A high-performance, fully-featured CSV parser and serializer for modern C++.
header_row not working when loading from file #195

Open Mindavi opened 2 years ago

Mindavi commented 2 years ago

I'm trying to load a file from disk using a csv::CSVReader. I'm setting up the CSVFormat to auto-guess the file format.

However, I'm having trouble skipping the first row(s) of a csv file using this library.

I made an example test file and test case to show what's going wrong.




// Could be added to test_read_csv_file.cpp
TEST_CASE("Skip rows loaded from file", "[skip_rows_file]")
  auto format = csv::CSVFormat::guess_csv();

  csv::CSVReader reader("skip_rows.csv", format);

  std::vector<std::string> expected = {
      "timestamp", "distance", "angle", "amplitude"

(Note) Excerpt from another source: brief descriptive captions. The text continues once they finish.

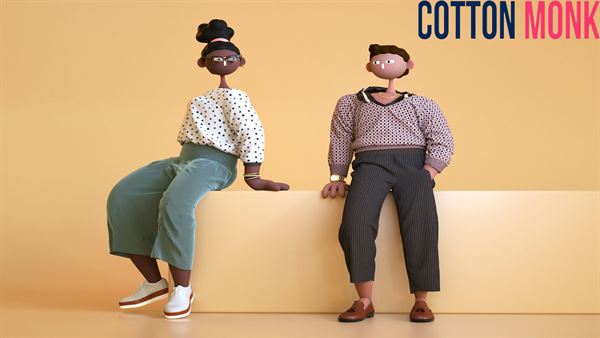 Textile companies in India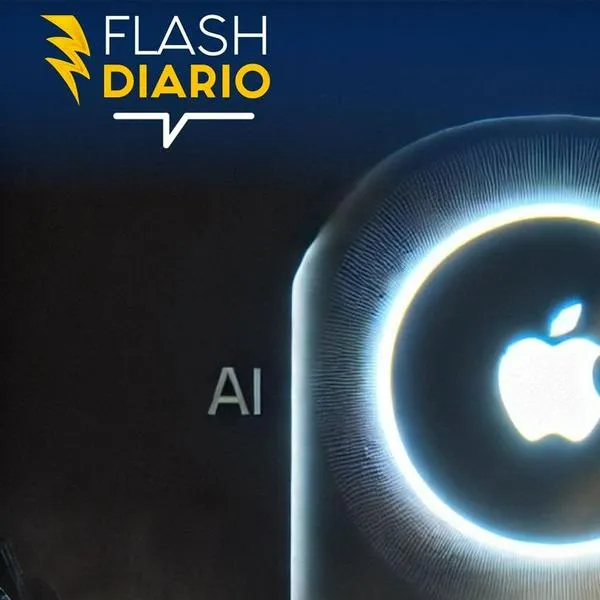 Por qué Apple reemplazó a su jefe de IA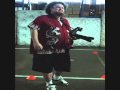 THE DANCING JANGA DOO DOO Wmv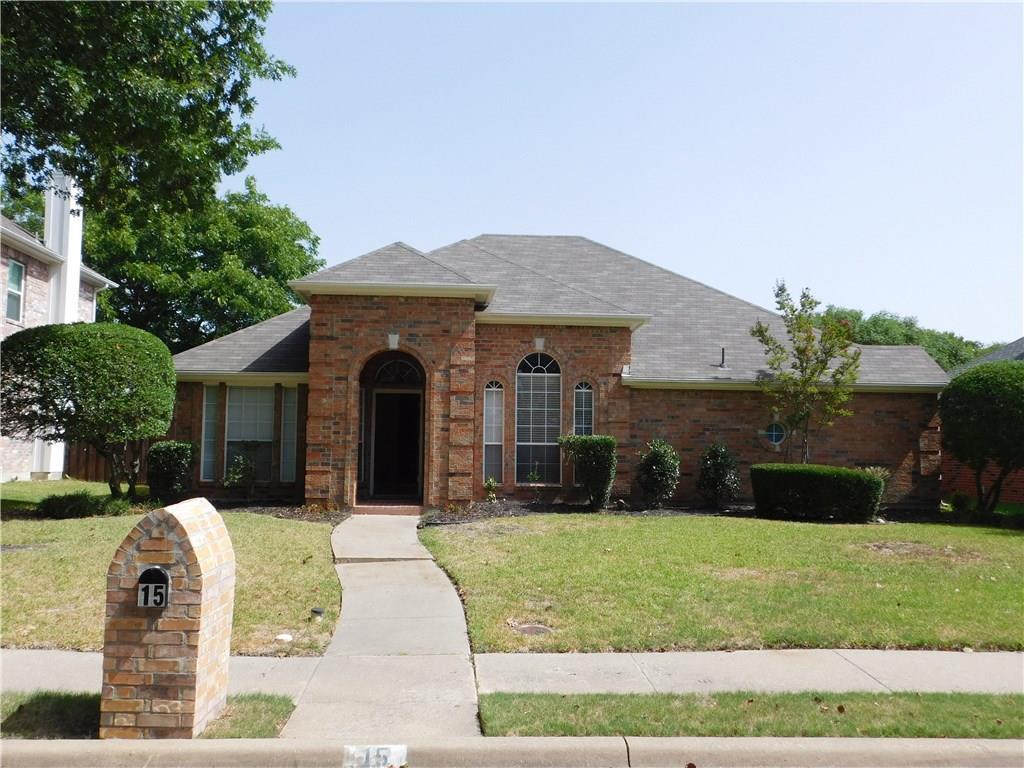 15 Heritage Way - Photo 1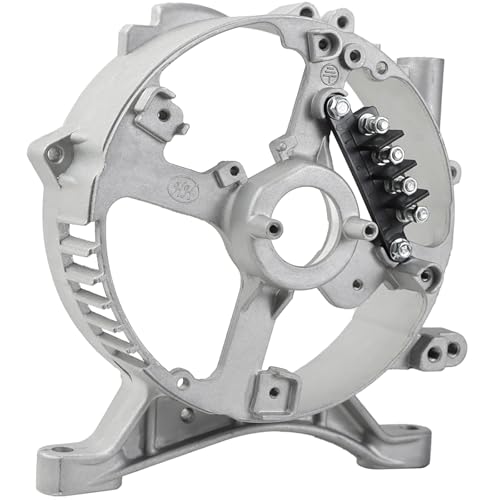 WOTIAN Generator End Housing Bracket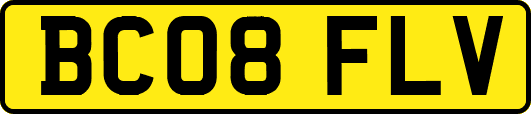 BC08FLV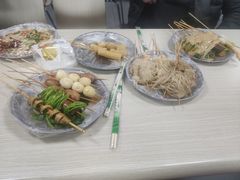 -大姐麻辣烫(莲宝中路店)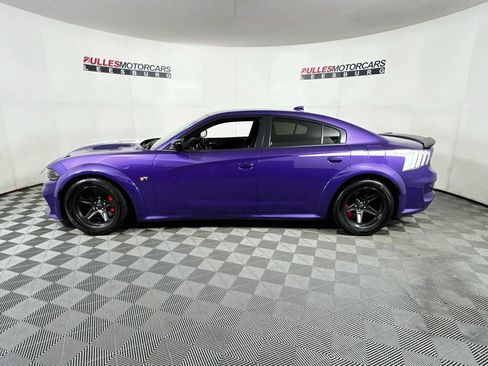 Used 2023 Dodge Charger Scat Pack RWD image 4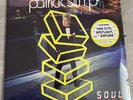 Patrick Stump Soul Punk Vinyl LP NEW Rare Sealed 2011 fall out boy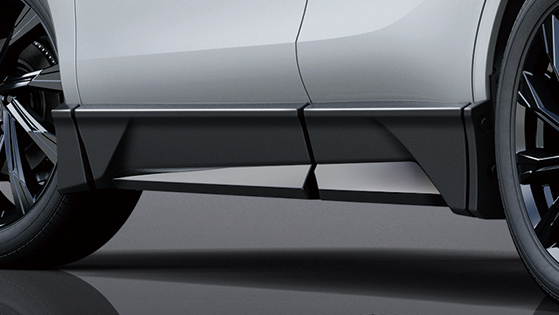 2021 Toyota Harrier Gets A TRD Makeover In Japan, Will America’s Venza Follow It?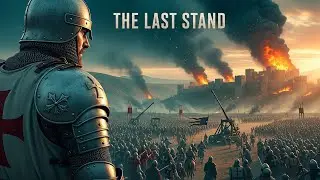 Gregorian War Chants for Workout Motivation | Sound of The Last Crusade
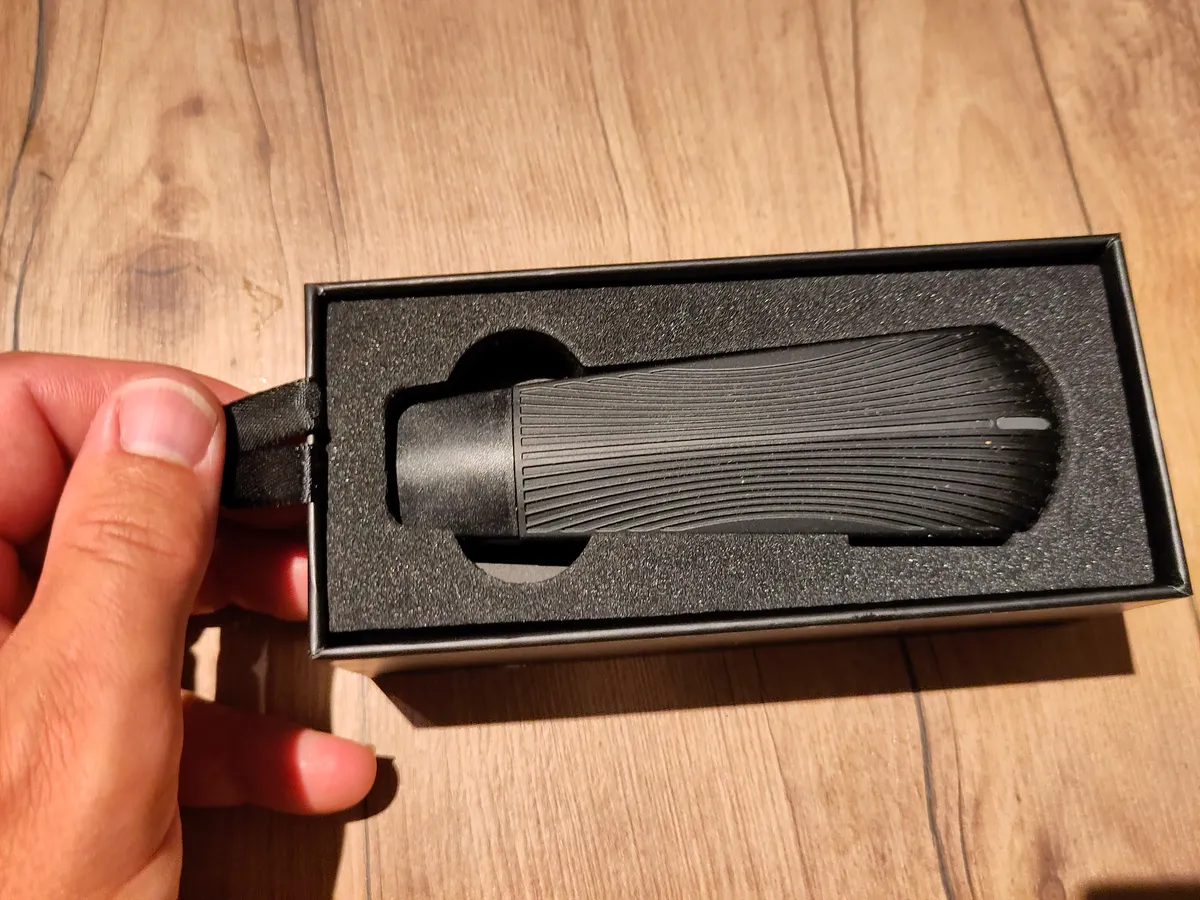 Boundless Vaporizer gebraucht kaufen - Boundless (gut), Produktfoto 4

  // Original issue: Leading comments appeared in column names
  REQUIRE(expected == reader.get_col_names());

Test result

Skip rows loaded from file

C:\csv-parser\tests\test_read_csv_file.cpp(90): FAILED:
  REQUIRE( expected == reader.get_col_names() )
with expansion:
  { "timestamp", "distance", "angle", "amplitude" }
  { "a", "b", "c", "d" }

As can be seen, the header_row setting is not honored in this case, and the header is derived from the first row.

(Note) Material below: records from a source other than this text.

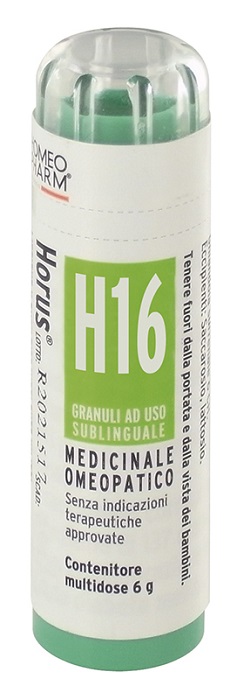 HORUS H16 GR - pharmaluna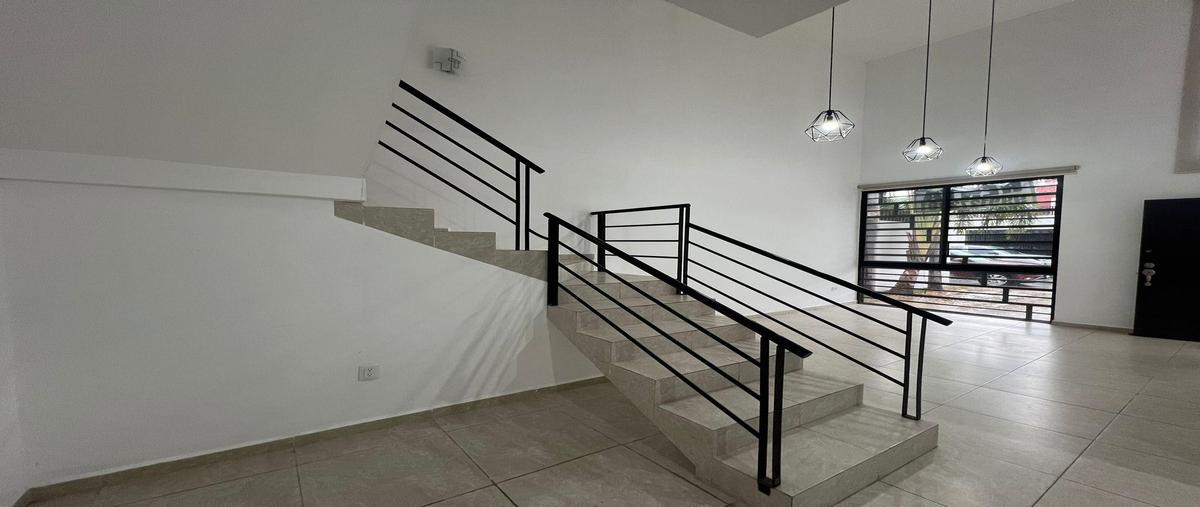 Foto de casa en renta en  , residencial floresta, mérida, yucatán, 0 No. 04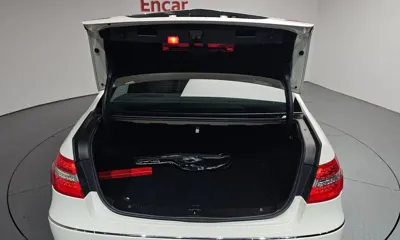 Mercedes-Benz E-Class 2012, 107710 км, за 5900000 KRW - фото 20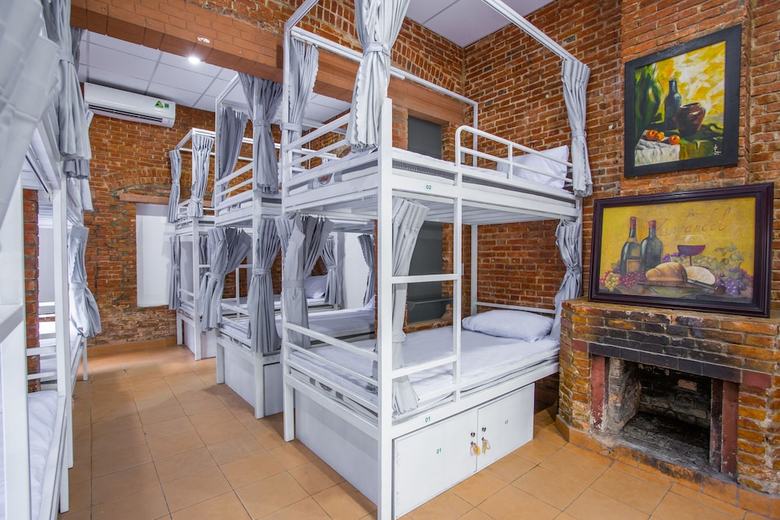 Hostal Spot On 957 Hue Corner Hostel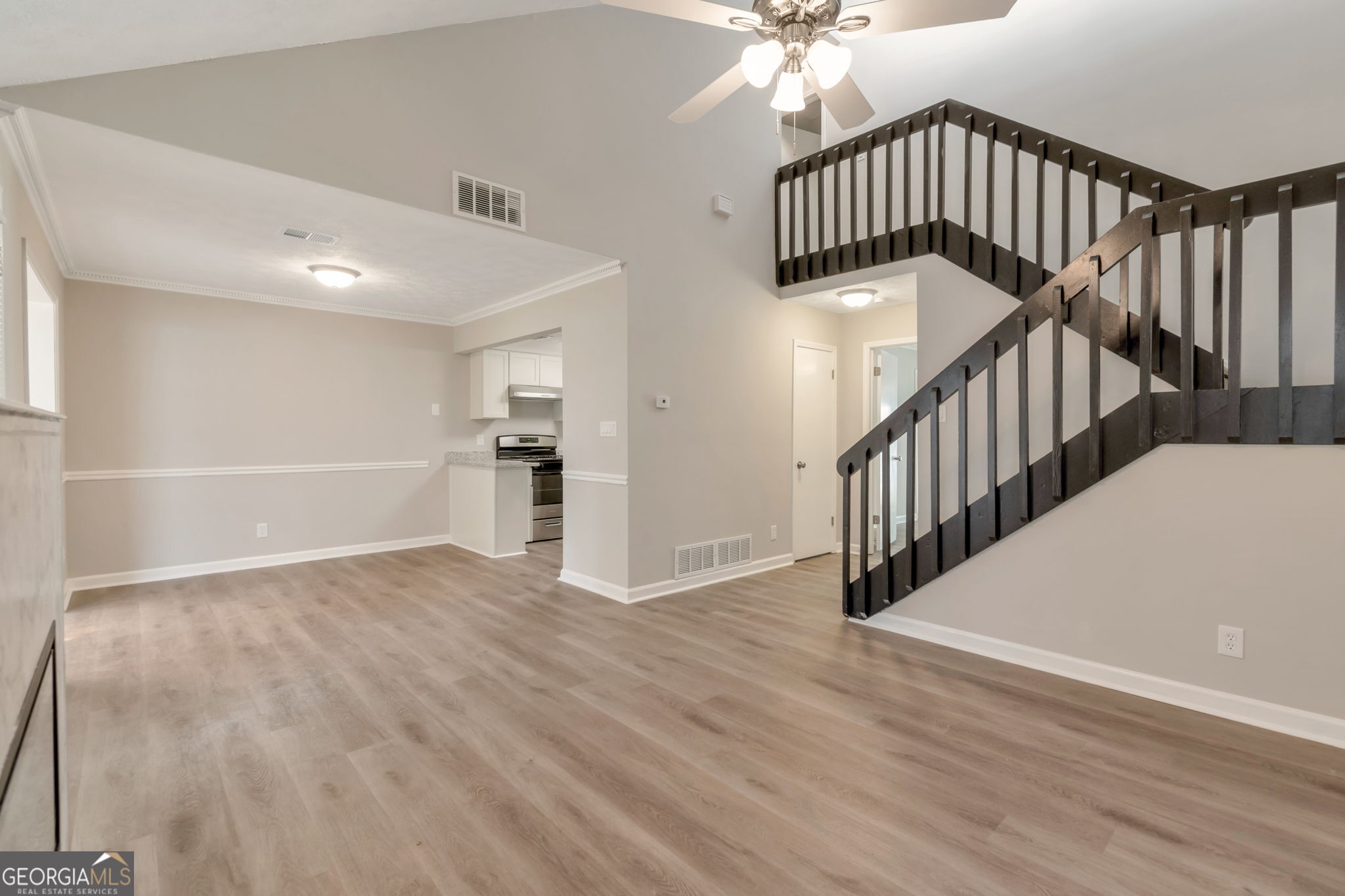 1507 Planters Ridge Lane Alpharetta, GA 30004 - Photo 6 of 13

(After looking a bit in the code, this may be intended behavior. Please close this issue if it is 👍. Since it's kind of surprising regardless, I'd like to note it anyway).

I have 2 workarounds for this for whenever someone runs into this:

  1. Hardcode the delimiter (this reduces flexibility but does work)
  2. Get a guess for the format using the guess_format function and use that (example below) when constructing the reader, to disable the auto-guessing feature during construction

Guess workaround:

csv::CSVGuessResult guess = csv::guess_format("filename.csv");
csv::CSVFormat fmt;
csv::CSVReader reader("filename.csv", fmt);